Work instruction. Pictures are not part of the copy. Set down exactly the lines from the one containing "Advancing connections with" through the last line of the material below.

Supplied data.
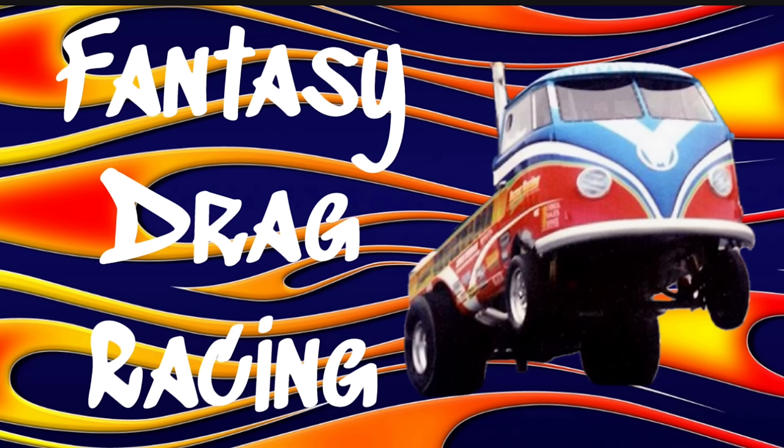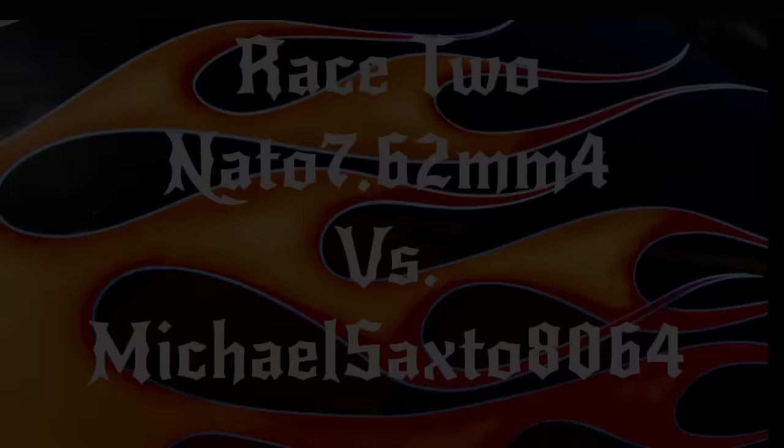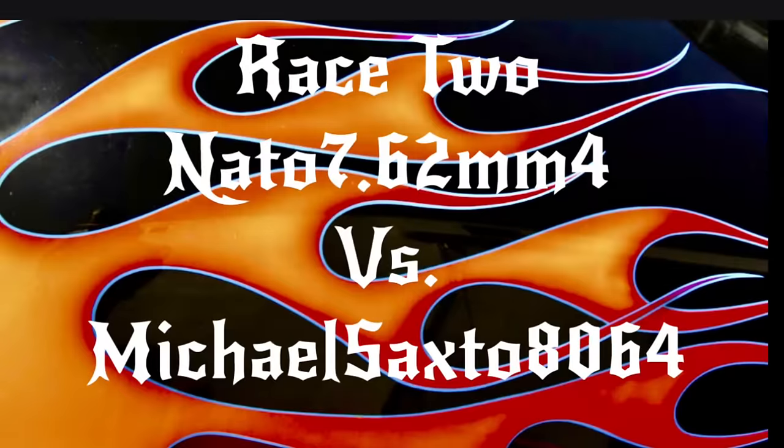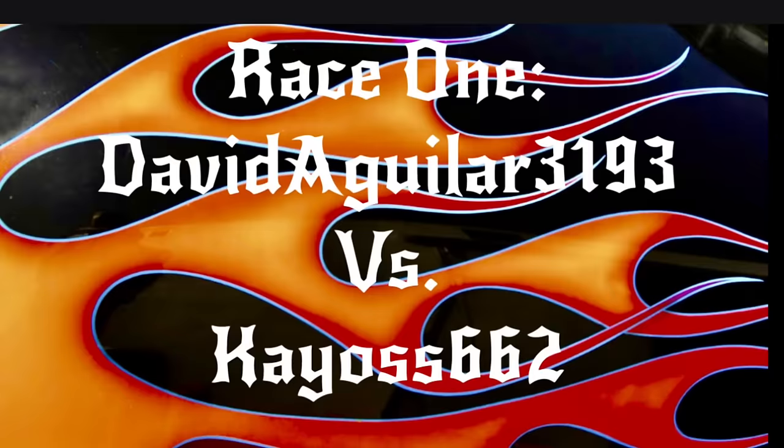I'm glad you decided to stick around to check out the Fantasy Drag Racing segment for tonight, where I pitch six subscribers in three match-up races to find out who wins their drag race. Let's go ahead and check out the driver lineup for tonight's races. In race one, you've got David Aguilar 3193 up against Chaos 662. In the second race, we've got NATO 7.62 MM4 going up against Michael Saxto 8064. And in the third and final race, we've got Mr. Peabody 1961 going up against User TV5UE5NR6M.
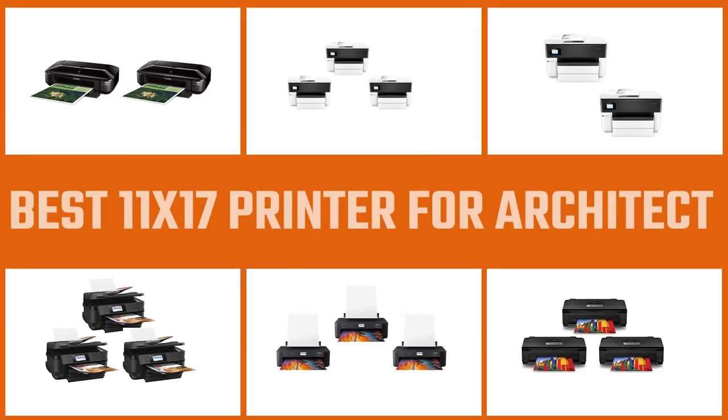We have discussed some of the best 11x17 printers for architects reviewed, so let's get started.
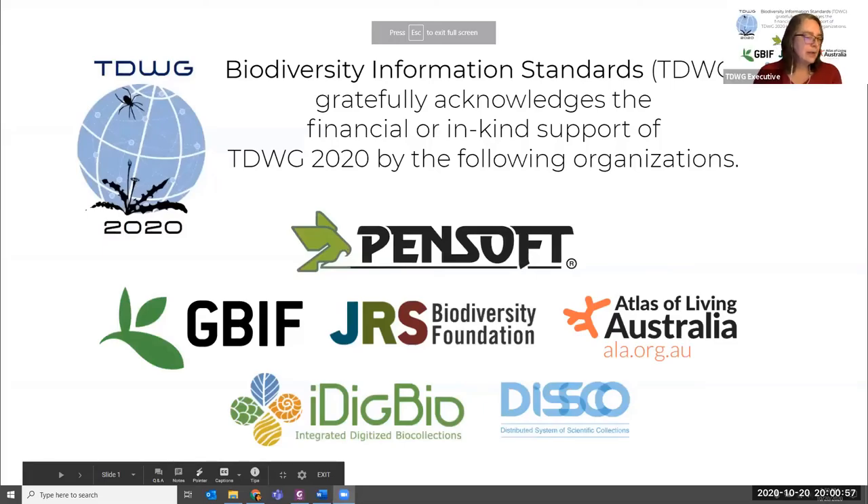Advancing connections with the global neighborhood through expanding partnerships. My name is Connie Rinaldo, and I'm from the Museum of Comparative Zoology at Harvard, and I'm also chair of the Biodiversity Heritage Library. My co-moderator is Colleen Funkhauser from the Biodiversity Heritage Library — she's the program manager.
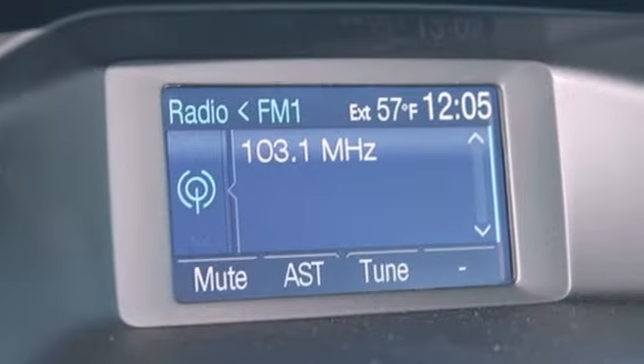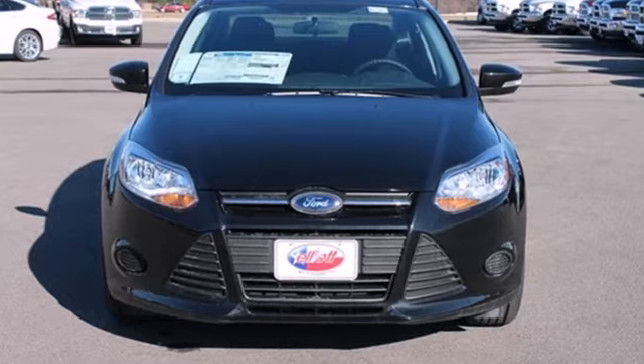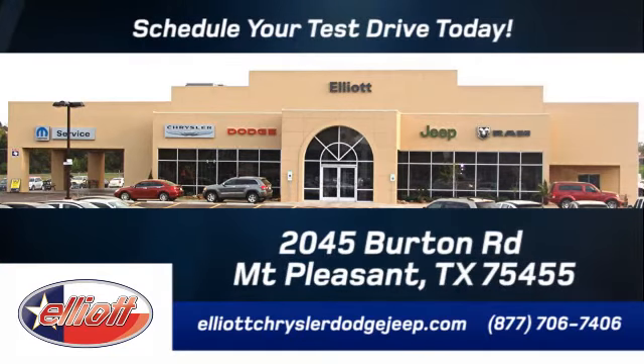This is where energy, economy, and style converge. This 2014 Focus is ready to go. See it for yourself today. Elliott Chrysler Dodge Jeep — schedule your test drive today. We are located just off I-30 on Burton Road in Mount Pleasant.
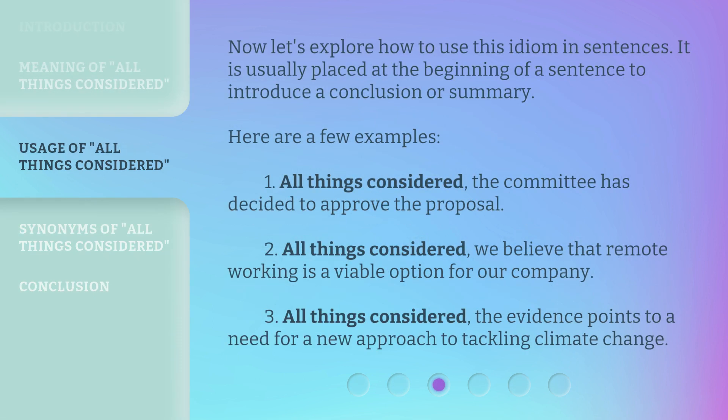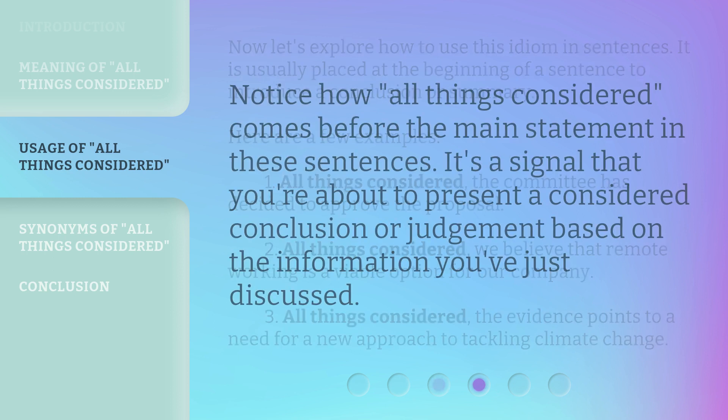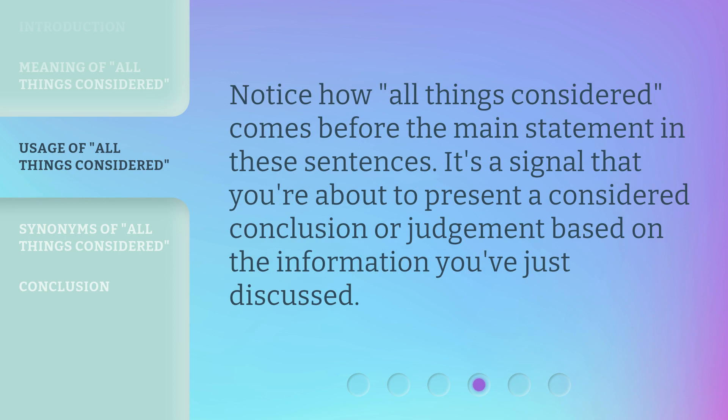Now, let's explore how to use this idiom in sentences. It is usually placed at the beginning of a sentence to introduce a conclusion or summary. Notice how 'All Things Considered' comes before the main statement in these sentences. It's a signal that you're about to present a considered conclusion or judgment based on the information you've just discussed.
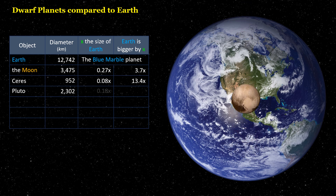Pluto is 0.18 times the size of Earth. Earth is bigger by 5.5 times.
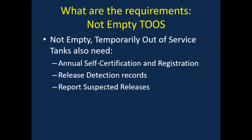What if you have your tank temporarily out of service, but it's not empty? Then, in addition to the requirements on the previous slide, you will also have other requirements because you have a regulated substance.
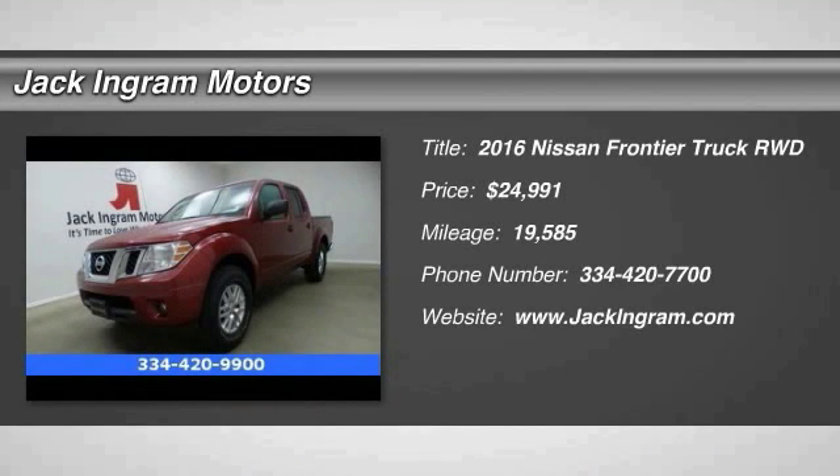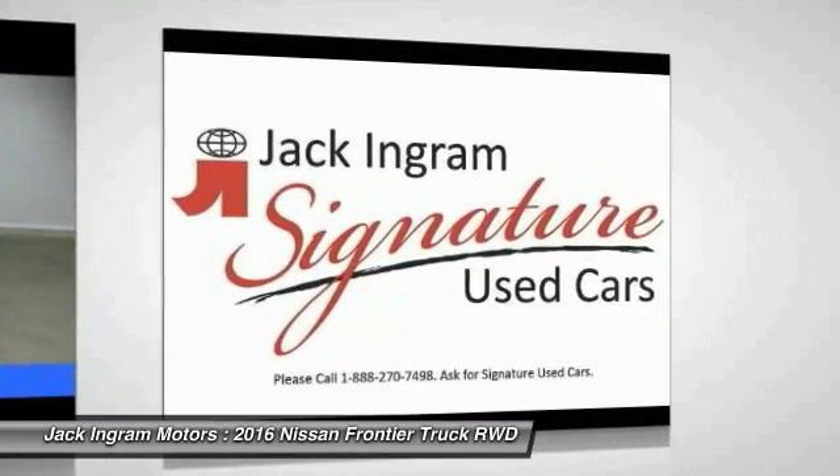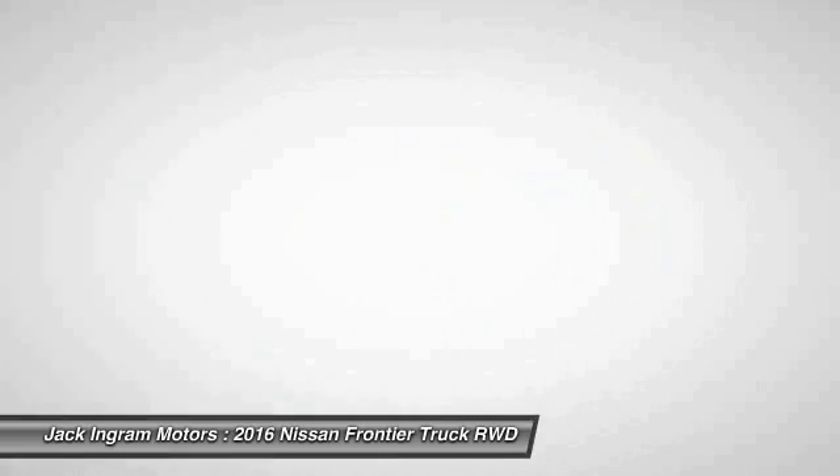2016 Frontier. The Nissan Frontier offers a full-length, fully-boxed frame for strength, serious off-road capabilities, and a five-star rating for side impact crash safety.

Response to the exercise.
Advancing connections with the global neighborhood through expanding partnerships. My name is Connie Rinaldo, and I'm from the Museum of Comparative Zoology at Harvard, and I'm also chair of the Biodiversity Heritage Library. My co-moderator is Colleen Funkhauser from the Biodiversity Heritage Library — she's the program manager.
This is where energy, economy, and style converge. This 2014 Focus is ready to go. See it for yourself today. Elliott Chrysler Dodge Jeep — schedule your test drive today. We are located just off I-30 on Burton Road in Mount Pleasant.
Now, let's explore how to use this idiom in sentences. It is usually placed at the beginning of a sentence to introduce a conclusion or summary. Notice how 'All Things Considered' comes before the main statement in these sentences. It's a signal that you're about to present a considered conclusion or judgment based on the information you've just discussed.
Pluto is 0.18 times the size of Earth. Earth is bigger by 5.5 times.
What if you have your tank temporarily out of service, but it's not empty? Then, in addition to the requirements on the previous slide, you will also have other requirements because you have a regulated substance.
2016 Frontier. The Nissan Frontier offers a full-length, fully-boxed frame for strength, serious off-road capabilities, and a five-star rating for side impact crash safety.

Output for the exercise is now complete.